It was somewhere on my fourth or fifth day of bike commuting that I got my first flat tire. I was halfway home on the post-work trip, riding near the campus of The Ohio State University, when I suddenly noticed that I wasn’t moving quite as easily as I should have been. A quick glance down revealed that my rear tire -- which I had replaced only a few days before with tires better suited for commuting on paved streets -- was starting to hang off the wheel like an old woman’s pantyhose. I hopped off the bike, followed the cruel hiss of escaping air, and found a staple the size of a Ford Focus planted firmly in the rubber. I was left with the choice of either walking my bike the remaining three miles, or calling my ladylove to come and pick me up. You get one guess as to which route I went with.

One week and one replaced inner tube later, my bike and I were back on the road, suffering through an abysmally hot and humid Ohio morning, headed into the land of the breadwinner. After entering the charming old neighborhood of Victorian Village, replete with brick streets, my rear tire decided to have another adventure in decompression. With no domestic partner to rescue me this time, I half rolled, half carried my bike over street and sidewalk for two miles, legs getting nicked and scraped by the pedals, and my dislike of bicycle commuting ever growing. If it weren’t for the high price of gasoline, the cost of new inner tubes might very well overtake that particular merit of riding my bike to work.

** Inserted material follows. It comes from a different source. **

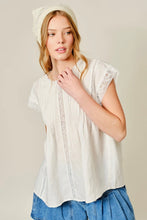 Load image into Gallery viewer, Woman wearing a white lace top and blue pants against a beige background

And yet, I shall continue to ride my bike whenever possible, because… well, damnit, I CAN.

To aid those who also might be new to the world of the bike commuter, here are some other unexpected lessons that I have learned during my travels:

Dogs are not the most hazardous creatures that you’ll encounter on a bike path. This title goes to Canadian Geese. These birds will form a kind of street gang, blocking your path whenever they are able. If you swerve to avoid them, they’ll hiss at you and flap their wings, occasionally even giving chase with sticks and knives. (They migrated in from the bad part of Canada, obviously.) I’ve found the best way to deal with this menace is to aim directly at them, close your eyes, and hope for the best. And even if you’re lucky enough to avoid a flock of grounded geese, you still have to watch out for one of their more subversive attempts to thwart a cyclist, namely a hazard known as “slick pile of goose shit.”

While you should always be cognizant of automotive traffic, I advise you to be doubly or even triply so if your route takes you past a retirement community. Old folks and cars are a recipe for excitement! They bob. They weave. They attempt to pin you against parked cars. And twice now I’ve nearly been clipped by a Buick-wielding blue hair as he or she has come hurtling out of the community’s parking lot. These people will also appear in other random places, such the occasion where a kind old woman blew the horn of her Lincoln at me for not moving out of her way as she drove past. I should mention that at the time, I was stopped on the sidewalk. She simply glared at me, navigated her car up the sloped curb, and proceeded to drive down the bike trail along the river -- apparently not associating her Towncar as being one of the prohibited “motorized vehicles” mentioned on a nearby sign. I wasn’t sure if she was confused that the bike path was actually some kind of service road, but I felt that she would reach an understanding when it would soon dead end into a park where she couldn’t turn her behemoth car around.

Finally, there’s a hazard toward the other end of the age spectrum: the hot collegiate girl. As your bike route may take you near a college or university, you’re likely to come across this phenomenon in your travels -- they can be doing anything from sunning themselves in a park to jogging or rollerblading along the path with you, and they will do anything in their power to overt your eyes from the road in front of you, opening up the possibility of running over rocks, small children, geese (although we’re agreed this is actually acceptable), or at the very worst, another attractive girl.

If you ever have to call your wife to come and pick up you and your disabled bike because you were in a collision with a co-ed, I can guarantee you that getting flat tires will be the least of your bike commuting worries.